• _Dataset extract_
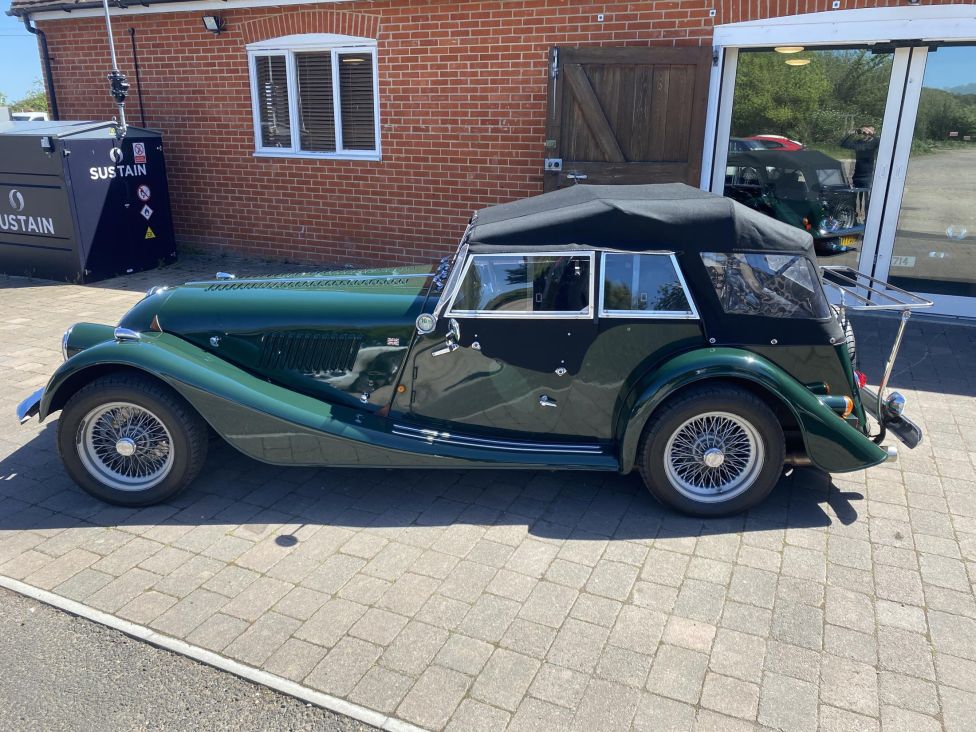 1995 Morgan +4 T16 (4-Seater, RHD) Photograph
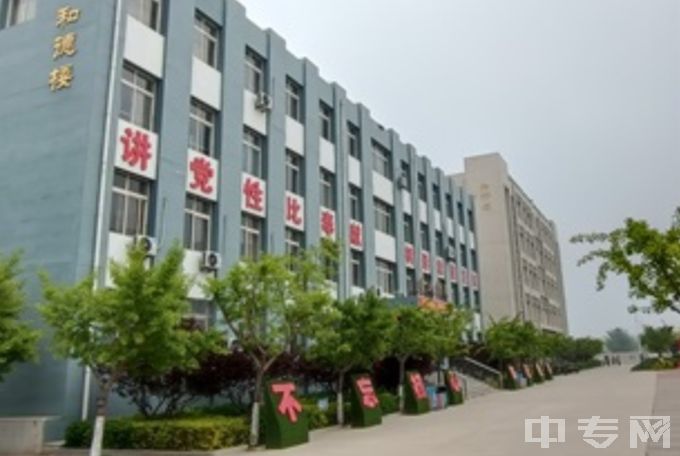 滦南县职业教育中心-教学楼一侧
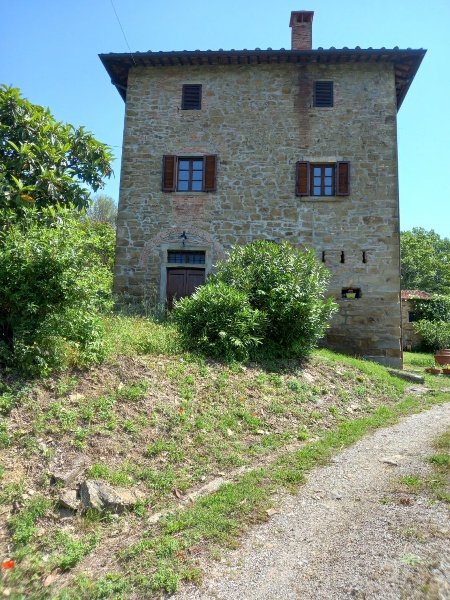 casa indipendente in vendita ad Arezzo in zona Puliciano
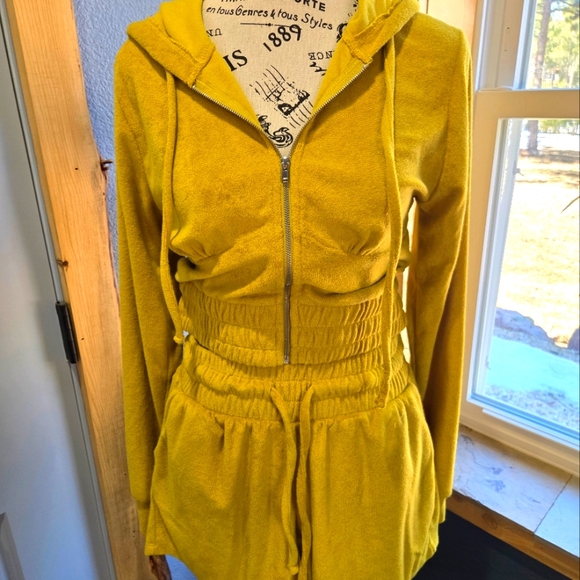 Zenana Womens Short Set Size Medium - Picture 4 of 13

• _Task directions_
What is needed is an exact copy of the data, with the pictures removed.

• _Result below_
 1995 Morgan +4 T16 (4-Seater, RHD) Photograph
 滦南县职业教育中心-教学楼一侧
 casa indipendente in vendita ad Arezzo in zona Puliciano
 Zenana Womens Short Set Size Medium - Picture 4 of 13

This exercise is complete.